To some degree it's late Fellini in Patagonia, and for many that's an out-of-season flavor not due for re-evaluation. More than that, Jodorowsky is still constitutionally unable to conceive or stage scenes in which characters believably speak to each other—”character” per se doesn't exist, only metaphoric roles, suggesting or augmenting some vaguely expressed mystical idea. The story doesn't unfurl fluidly so much as get acted out in chunks. (Jodorowsky started out as a mime.) But Flores disrupts the filmmaker's dream world.
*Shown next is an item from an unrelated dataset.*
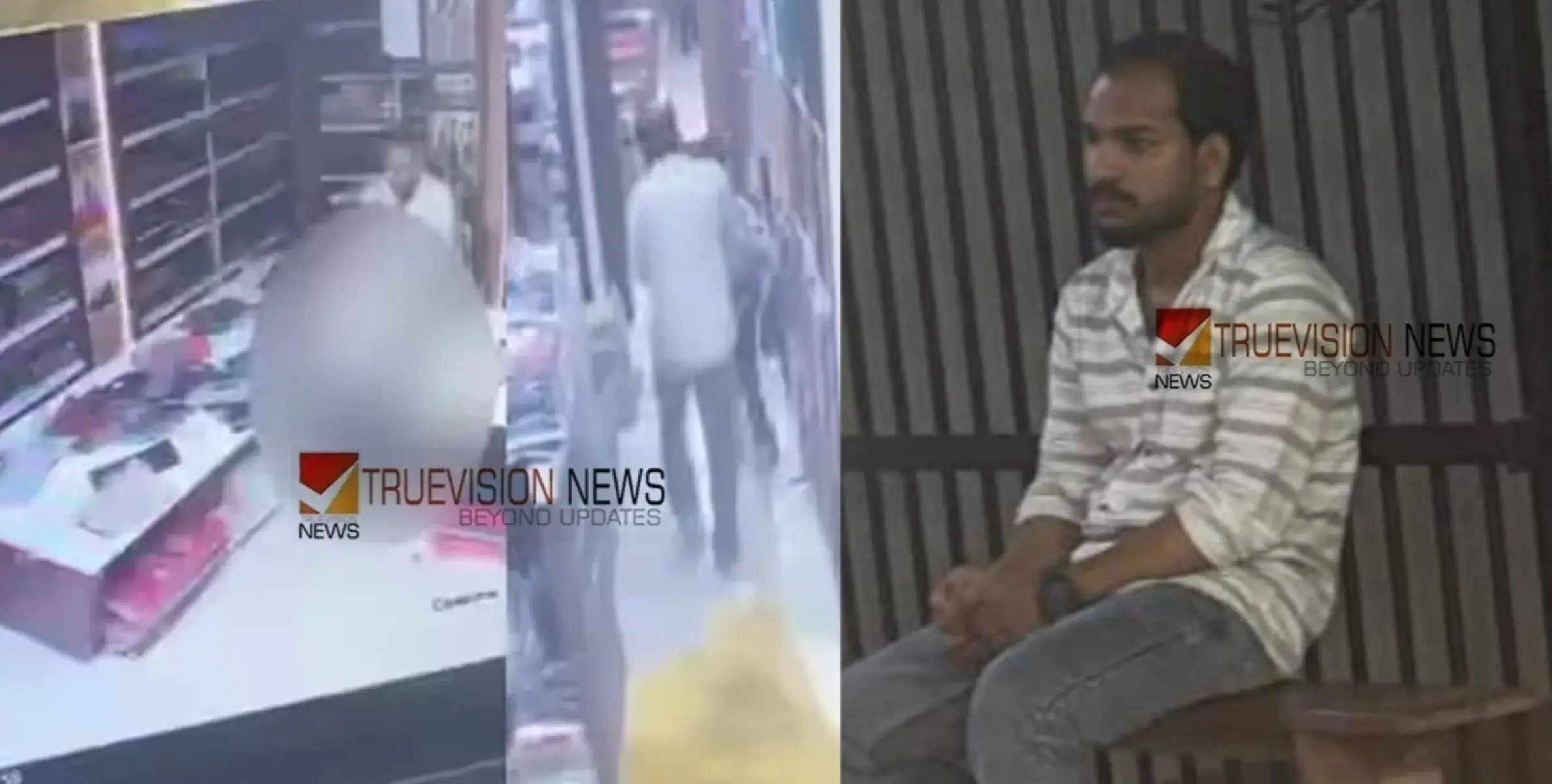 തൊട്ടിൽപ്പാലത്തെ തുണിക്കടയിൽ പന്ത്രണ്ടുകാരനെ അക്രമിച്ച കേസിൽ  ലൈംഗിക പീഡനം നടന്നതായി സൂചന ;  പോക്സോ  ചുമത്താൻ നിർദ്ദേശം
Zaftig, fearless, and passionately committed (even though she alone is belting out dialogue in song), Flores is a titanic, slightly deranged wonder, and her Sara Jodorowsky might be the most convincing and stirring performance in the filmmaker's career, a landscape where everything (and everyone) else is only iconic.

Jodorowsky thinks primarily in disconnected images, and while some are simply goofy, others (a tidal wave's ironic gift of sardines, the nude Mom covering herself and her nyctophobic son with black shoe polish, the dock tableau with black-and-white cutouts of the film's characters) are disarmingly lovely. The Dance of Reality shouldn't be anyone's indoctrination to El Maestro, but as a sweet, inventive coda to one of film culture's unique and defiant careers, it's a welcome thing.